It’s easy to judge the impaired, to walk away, make fun. It’s easy to take advantage of their vulnerabilities. What’s not easy is acceptance, and that’s unfortunate because acceptance paves the way to learning and understanding. Without it, there can be no solution or resolution. What’s not easy either is helping to heal those wounds.

Unfortunately, the afflicted/addicted are often in a cycle of narcissistic abuse. Caught up in that dynamic since childhood, they remain surrounded by narcissists who lack the healthy self-esteem and empathy to love them through their imperfections. Narcissists are too busy burying their shame and inadequacy, so instead of accepting, they punish and reject. They never put themselves in another’s place. Instead, they feel short-changed, embarrassed and inconvenienced.

I’ve heard arguments like, well we all have anxiety now and then, or nobody likes to do that, but we saddle up. I understand this logic. Maybe some refuse to test their limits. I don’t know. What I do know is we don’t have any idea how hard something is for someone else, or how hard he or she tries.
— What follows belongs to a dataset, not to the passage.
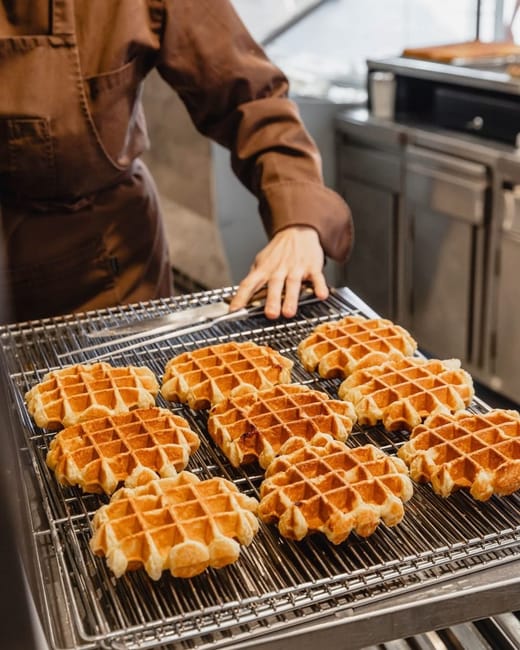 Le gaufre de Lacquemant de Lille, Lille-Centre à Lille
That doesn’t mean you don’t set boundaries or that you should tolerate anyone crossing the line.

At a time when I couldn’t understand an irrational source of anxiety, a therapist told me, “Think of anxiety as a hat. You can hang it anywhere, put it on anyone’s head, and wear it for anything.” It’s transference of deeper fears, and you can find a number of ways to throw them out into the universe.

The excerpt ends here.